The Department of Commerce (the Department) set aside a period for all interested parties to raise issues regarding product coverage. See Initiation Notice, 69 FR at 21083. No responses were received.

On May 10, 2004, the Department issued a letter providing interested parties an opportunity to comment on the Department's proposed model match characteristics and its hierarchy of characteristics. Between May 17, 2004, and June 3, 2004, the Department received comments and/or rebuttal comments on model matching from the petitioner, Far Eastern Textiles, Reliance Industries Ltd., South Asian Petrochem Ltd. and P.T. Indorama Synthetics. The Department took these comments into consideration in developing the model matching characteristics and hierarchy for all of the PET Resin antidumping investigations.

On May 19, 2004, the United States International Trade Commission (ITC) preliminarily determined that there is a reasonable indication that imports of the products subject to this investigation are materially injuring an industry in the United States producing the domestic like product. See Polyethylene Terephthalate (PET) Resin from India, Indonesia, Taiwan, and Thailand, 69 FR at 28948 (May 19, 2004) (ITC Preliminary Determination).

On June 9, 2004, the Department issued its antidumping duty questionnaire to Far Eastern Textile Ltd. (Far Eastern), specifying that the responses to Section A and Sections B-C would be due on June 30, 2004, and July 16, 2004, respectively.[2] We received responses to Sections A-C of the antidumping questionnaire and issued supplemental questionnaires where appropriate. On August 3, 2004, we received an allegation of sales below cost from the petitioner. On September 1, 2004, pursuant to section 732(e) of the Act, the Department initiated a cost investigation for Far Eastern's Taiwanese sales of PET Resin.3 Far Eastern submitted its response to Section D on September 24, 2004.

On June 30, 2004, the petitioner requested that the Department postpone the preliminary determination in this investigation. Because there were no compelling reasons to deny the request, we postponed the preliminary determination to October 20, 2004, under section 733(c)(1) of the Act. See Notice of Postponement of Preliminary Antidumping Duty Determinations: Bottle-Grade Polyethylene Terephthalate (PET) Resin from India, Indonesia, Taiwan, and Thailand, 69 FR 48842, (August 11, 2004).

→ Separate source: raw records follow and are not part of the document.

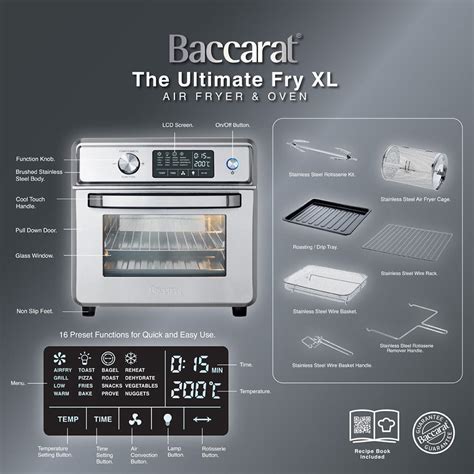 Baccarat The Ultimate Fry XL Air Fryer & Oven Size .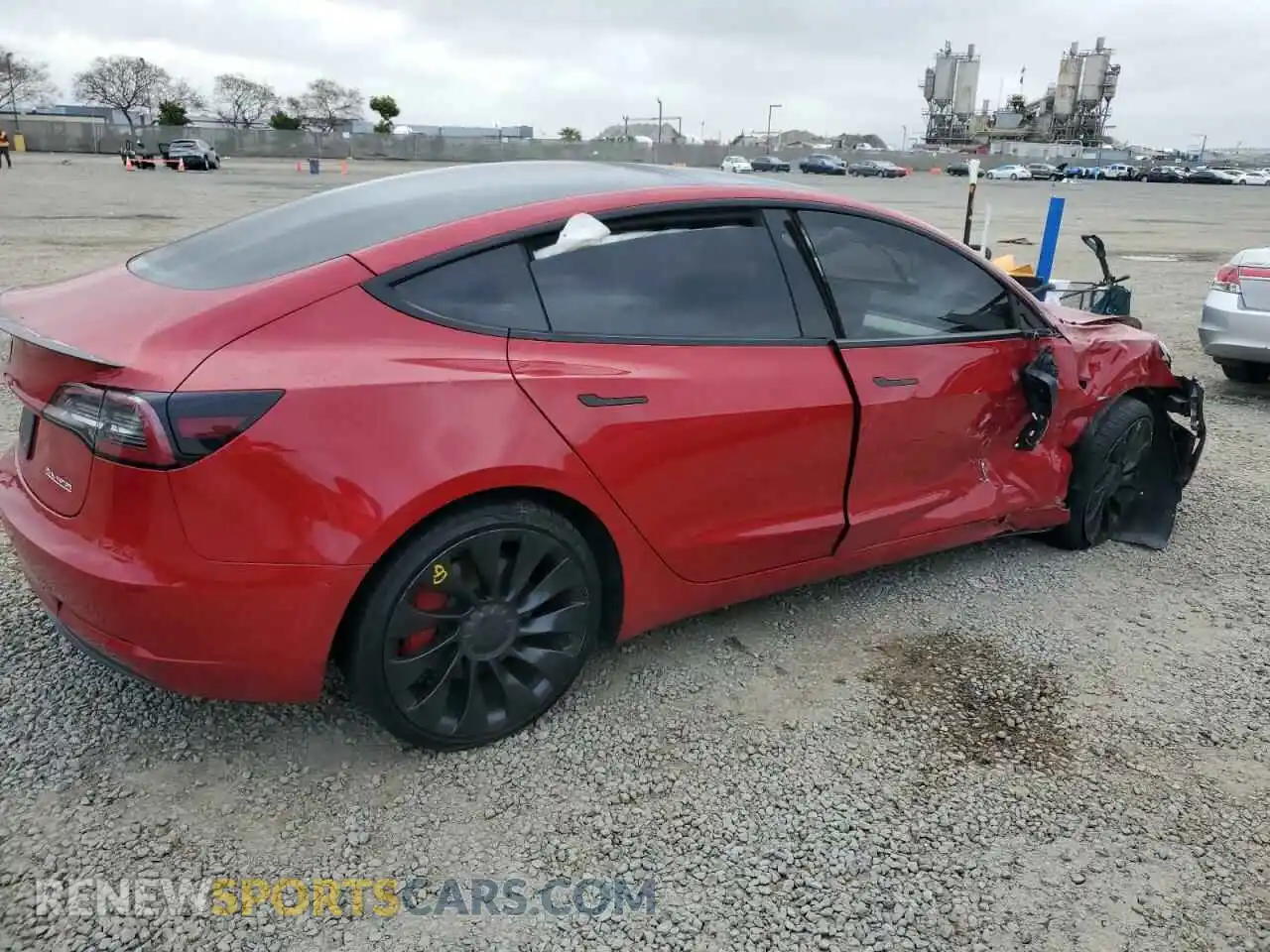 3 Фотография поврежденного автомобиля 5YJ3E1EC2NF268046 TESLA MODEL 3 2022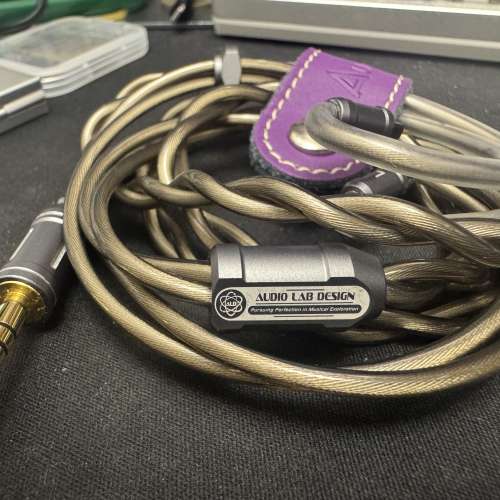 Audio lab design 單晶銅鍍銀 2pins 4.4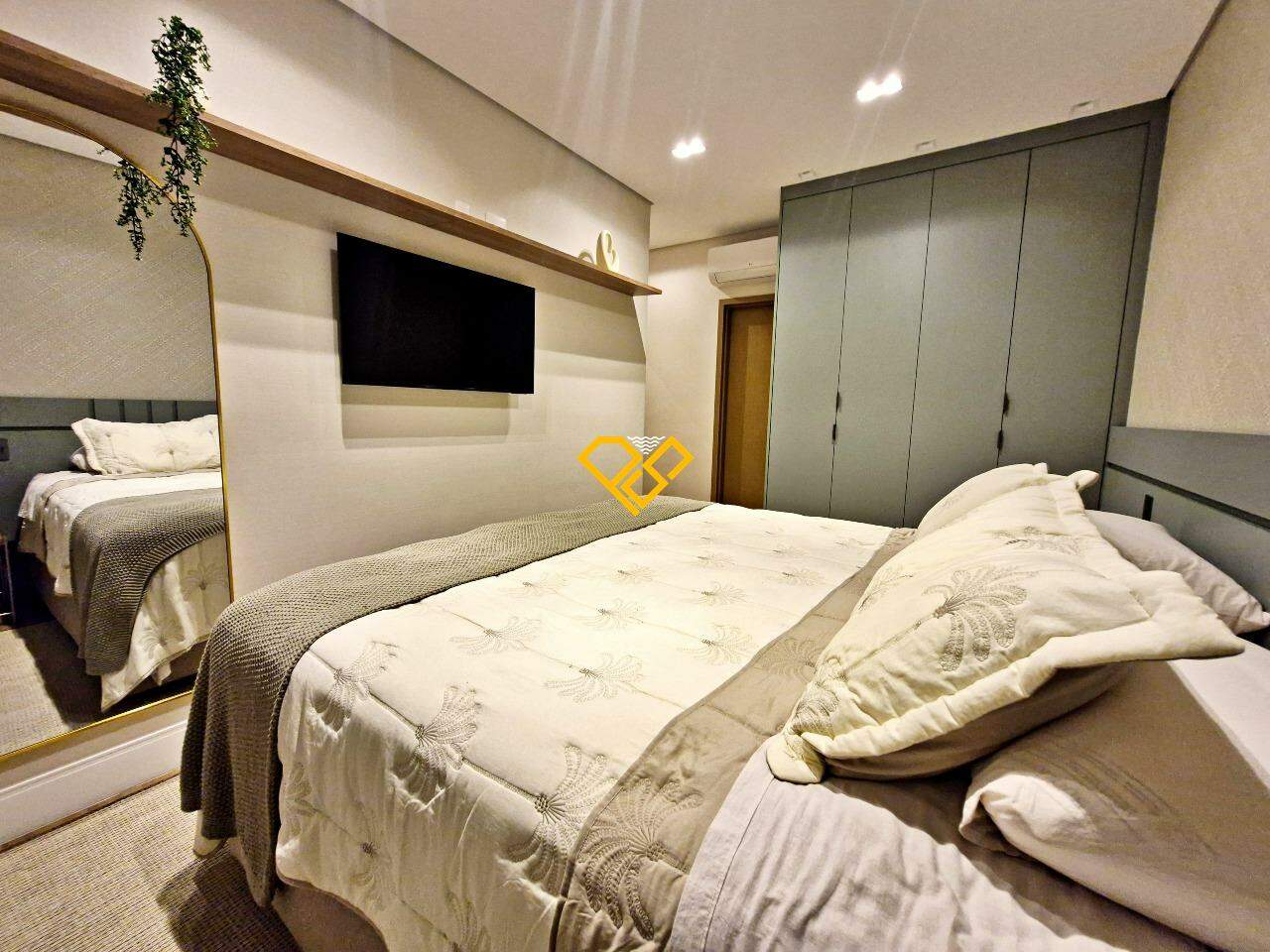Apartamento à venda no Gonzaga: Dormitório 1 - suíte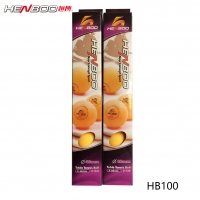 HB100 恒博 无星乒乓球(6只盒装）
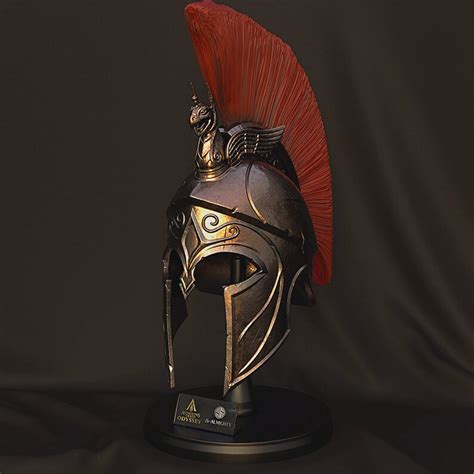 Assassins Creed Odyssey Helmet Digital Download For 3d Etsy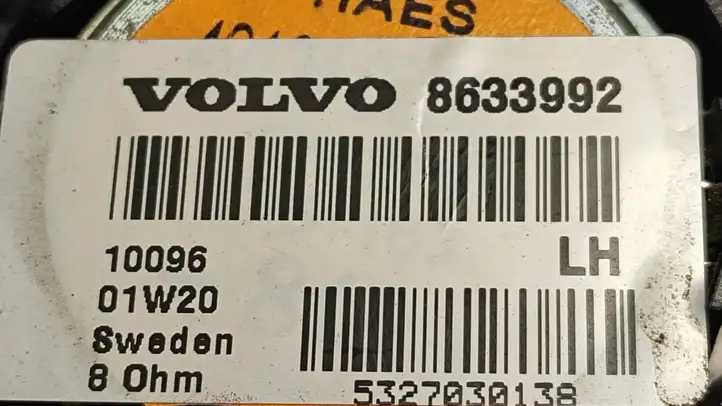 Volvo V70 (2000 - 2004) 8633992 Динамики передних дверей — фото 3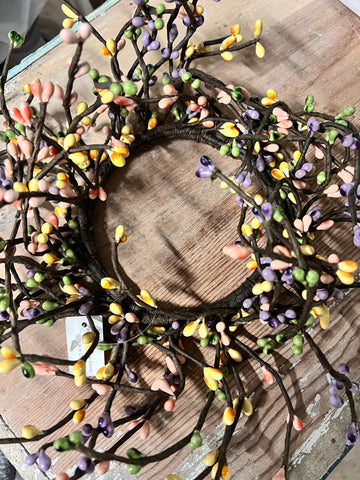 Spring Berry Candle Ring/Wreath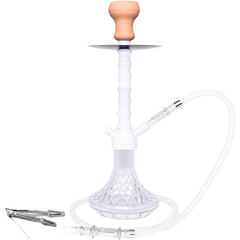 Portable Light Weight Acrylic Hookah - White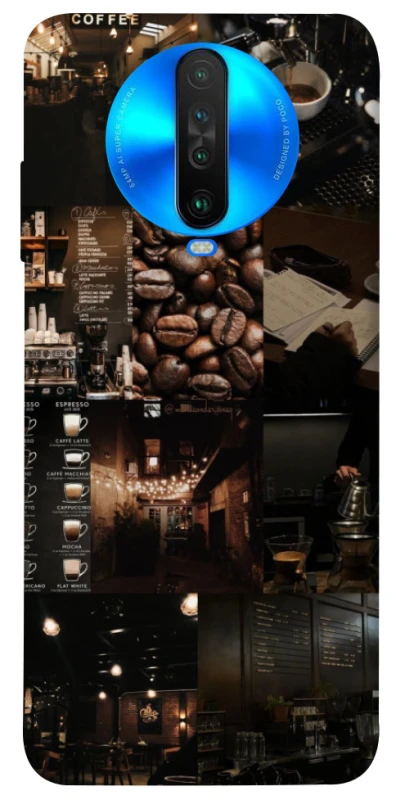 Чехол на Xiaomi Poco X2 Coffee collage ver.1 фото 1 из 1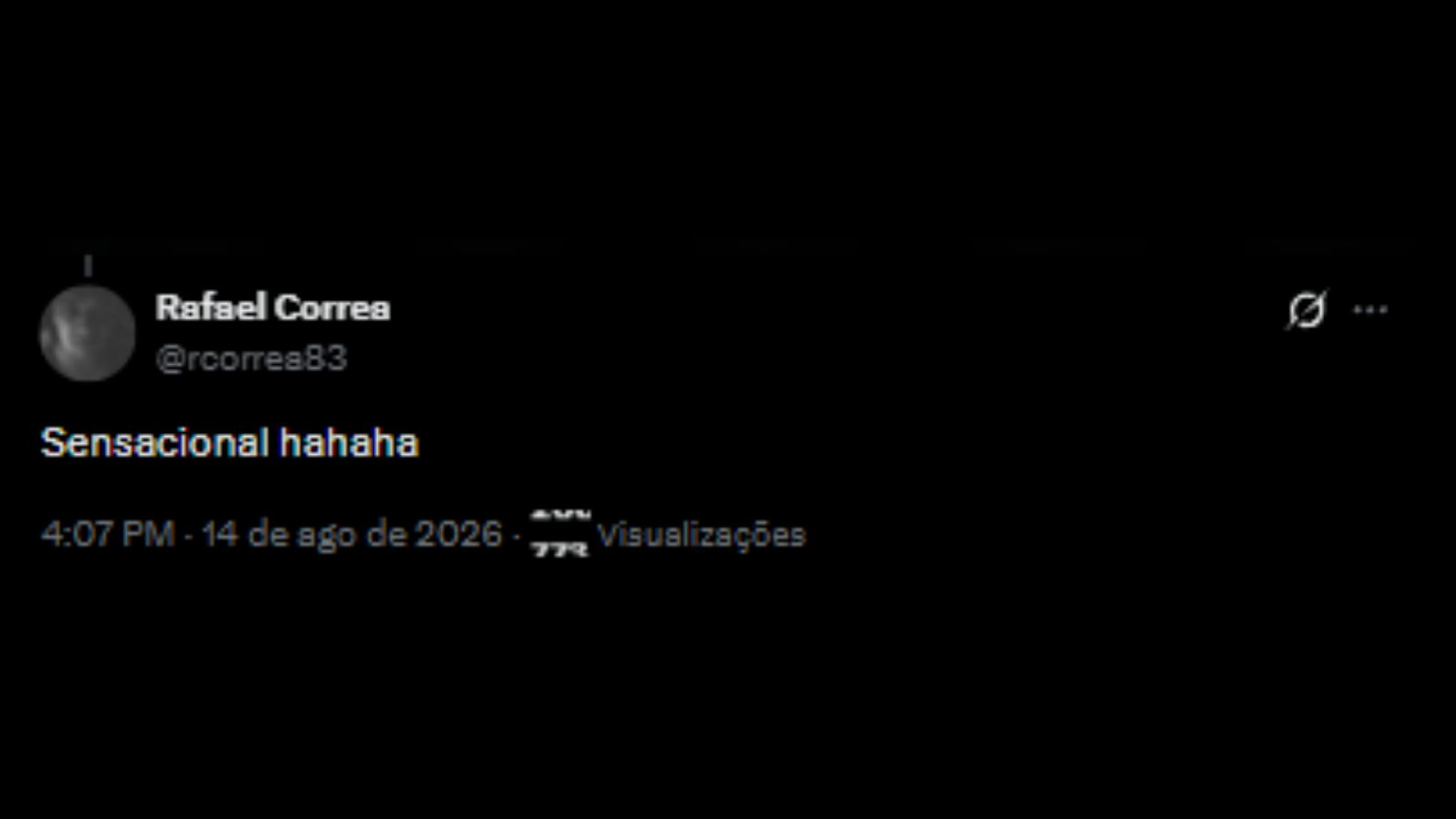 Risadas à piada de Alex nas redes sociais - Reprodução/X @rcorrea83
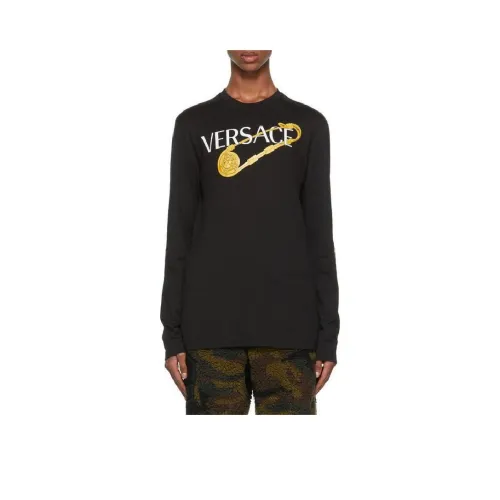 VERSACE Мужские черные T-рубашки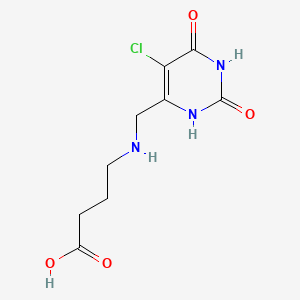 molecular formula C9H12ClN3O4 B13852515 4-(((5-Chloro-2,6-dioxo-1,2,3,6-tetrahydropyrimidin-4-yl)methyl)amino)butanoic Acid 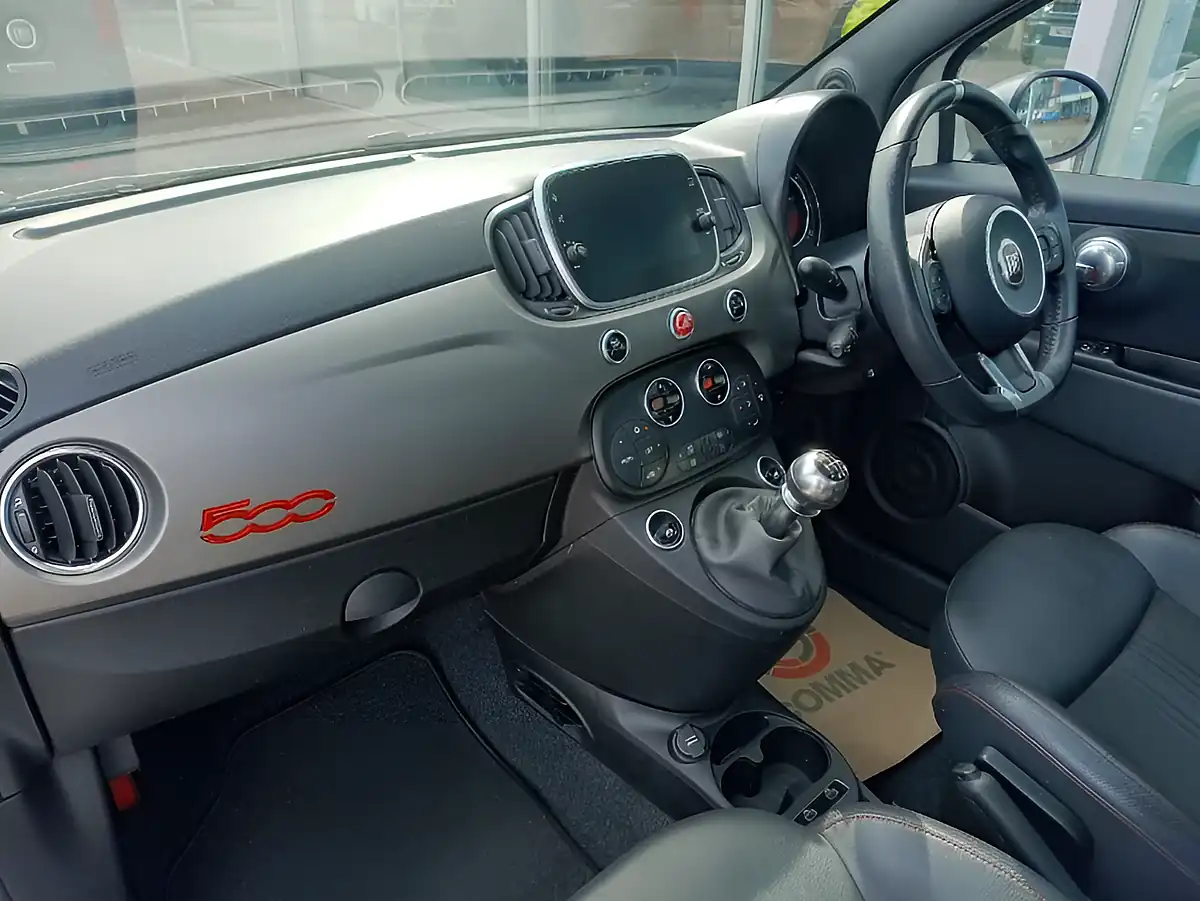 Used 2021 Fiat 500 Sport Bossa Nova White - Interior and Exterior details 14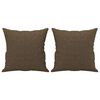 vidaXL 3-personers sofa med puder og hynder 180 cm stof brun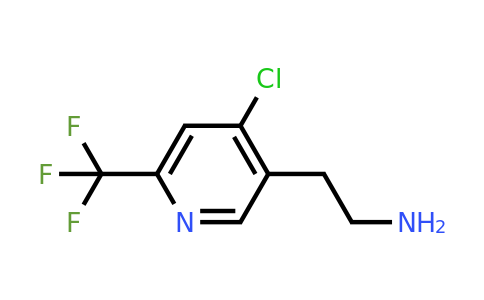 CAS 1393584-52-5 | 2-[4-Chloro-6-(trifluoromethyl)pyridin-3-YL]ethanamine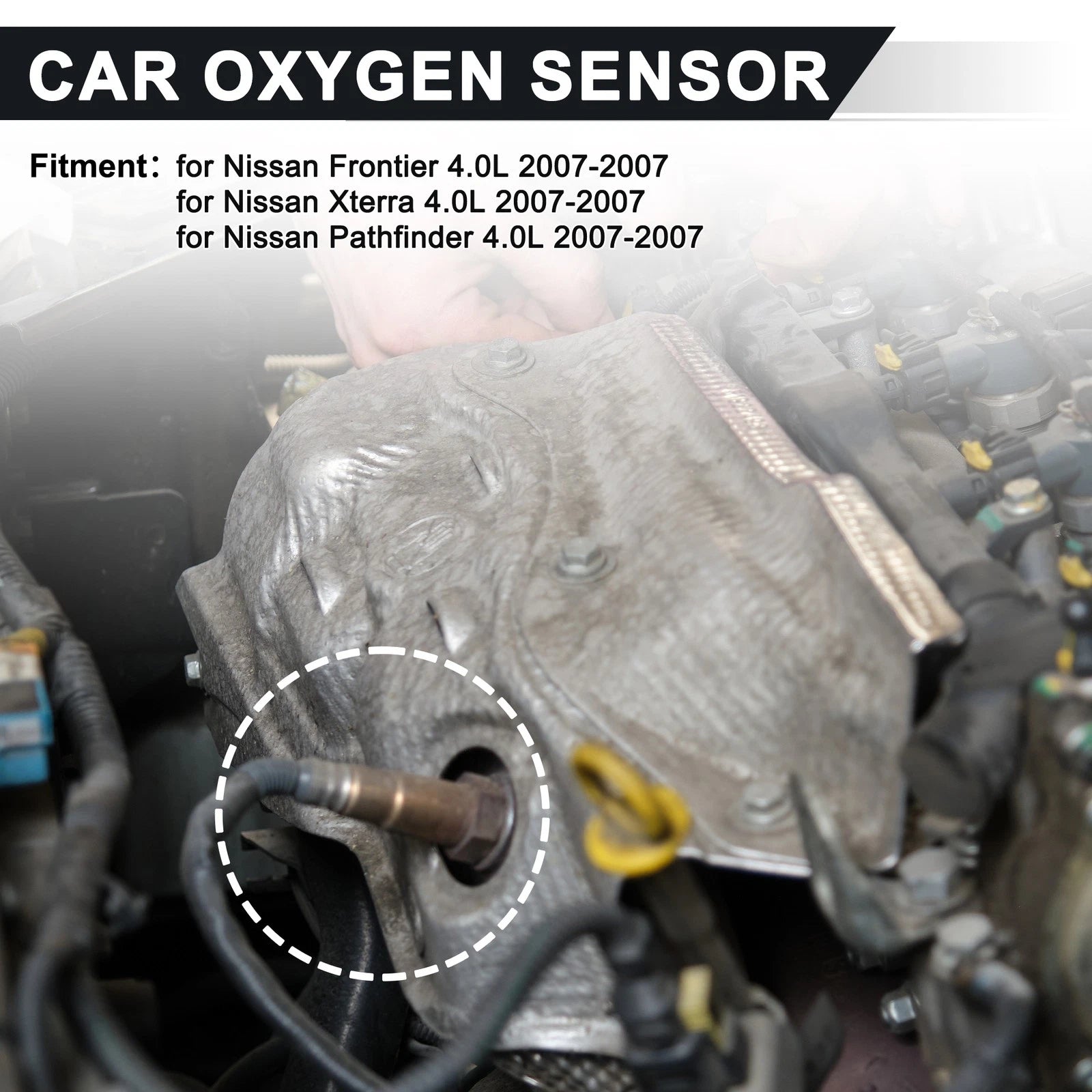Set of 2 Downstream Oxygen Sensors for Nissan Frontier 4.0L (2007) 2344297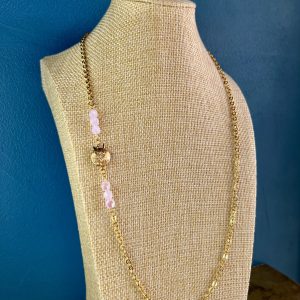 Collier "Roseline" cristal et fermoir art déco Atelier CVL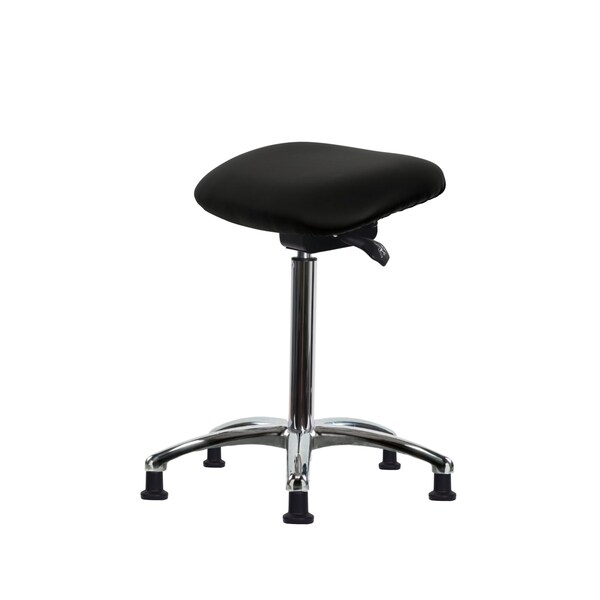 Blue Ridge Ergonomics Class 100 Clean Room Vinyl Sit-Stand-Standing Height with Stat Glides in Carbon Supernova Vinyl CLR-VSTSS-CR-NF-RG-8823 - main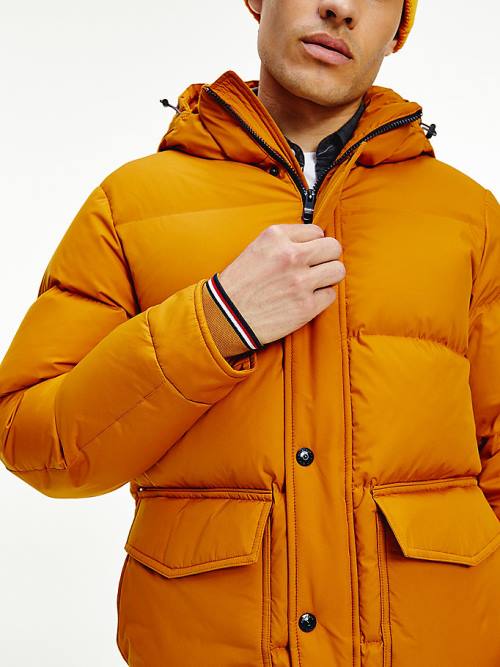 Tommy Hilfiger Down Puffer Kabát Férfi Arany | TH437RGM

Postponement of Final Determination

Section 735(a)(2)(B) of the Act provides that a final determination may be postponed until not later than 135 days after the date of the publication of the preliminary determination if, in the event of a negative preliminary determination, a request for such postponement is made by the petitioner. On October 6, 2004, we received a request to postpone the final determination from the petitioner, the United States PET Resin Producers Coalition. Since this preliminary determination is negative, and there is no compelling reason to deny the petitioner's request, we have extended the deadline for issuance of the final determination until the 135th day after the date of publication of this preliminary determination in the Federal Register.

Selection of Respondents

Section 777A(c)(1) of the Act directs the Department to calculate individual dumping margins for each known exporter and producer of the subject merchandise. Where it is not practicable to examine all known producers/exporters of subject merchandise, section 777A(c)(2) of the Act permits the Department to investigate either: 1) a sample of exporters, producers, or types of products that is statistically valid, based on the information available at the time of selection; or 2) exporters and producers accounting for the largest volume of the subject merchandise that can reasonably be examined. In the petition, the petitioner identified three potential producers and exporters of PET Resin in Taiwan: Shinkong Synthetic Fibers Corporation, Far Eastern, and Hualon Corporation.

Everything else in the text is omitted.